Discrete optimization with bandit feedback

We want to solve the problem:

    \[\max_{i = 1, \hdots, K} \mu_i ,\]

where the \mu_i‘s are unknown quantities on which we can obtain information as follows: if one makes a query to action i (we will also say that one pulls arm i), then one receives an independent random variable Y such that \mathbb{E} Y = \mu_i. We will also assume that the distribution of Y is subgaussian (for example this include Gaussian distributions with variance less than 1 and distributions supported on an interval of length less than 2). The precise definition is not important, we will only use the fact that if one receives Y_1, \hdots, Y_s from pullings s times arm i then \hat{\mu}_{i,s} = \frac{1}{s} \sum_{t=1}^s Y_s satisfies:

(1)   \begin{equation*}  \mathbb{P}(\hat{\mu}_{i,s} - \mu_i > u) \leq \exp \left(- \frac{s u^2}{2} \right) . \end{equation*}

For sake of simplicity we assume that \mathrm{argmax}_{1 \leq i \leq K} \mu_i = \{i^*\}. An important parameter in our analysis is the suboptimality gap for arm i: \Delta_i = \mu_{i^*} - \mu_i (we also denote \Delta = \min_{i \neq i^*} \Delta_i).


We will be interested in two very different models:

  • In the PAC (Probably Approximately Correct) setting the algorithm can make as many queries as necessary, so that when it stops querying it can output an arm J \in \{1, \hdots, K\} such that \mathbb{P}(\mu_J < \mu_{i^*} - \epsilon) \leq \delta where \epsilon and \delta are prespecified accuracies. We denote by \mathcal{N} the number of queries that the algorithm made before stopping, and the objective is to have (\epsilon,\delta)-PAC algorithms with \mathcal{N} as small as possible. This formulation goes back to Bechhofer (1954).
  • In the fixed budget setting the algorithm can make at most n queries, and then it has to output an arm J \in \{1, \hdots, K\}. The goal here is to minimize the optimization error \mu_{i^*} - \mu_J. Strangely this formulation is much more recent: it was proposed in this paper that I wrote with Munos and Stoltz.

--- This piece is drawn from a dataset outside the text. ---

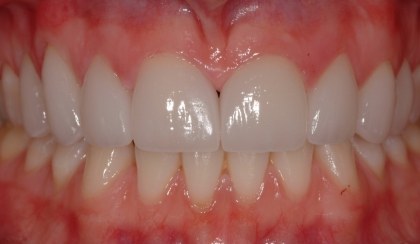 Closeup of woman's flawless smile after porcelain veneer treatment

While at first sight the two models might seem similar, we will see that in fact there is a key fundamental difference.


Trivial algorithms

A trivial (\epsilon,\delta)-PAC algorithm would be to query each arm of order of \frac{1}{\epsilon^2} \log \frac{K}{\delta} times and then output the empirical best arm. Using (1) it is obvious that this algorithm is indeed (\epsilon,\delta)-PAC, and furthermore it satisfies \mathcal{N} \leq c \frac{K}{\epsilon^2} \log \frac{K}{\delta}.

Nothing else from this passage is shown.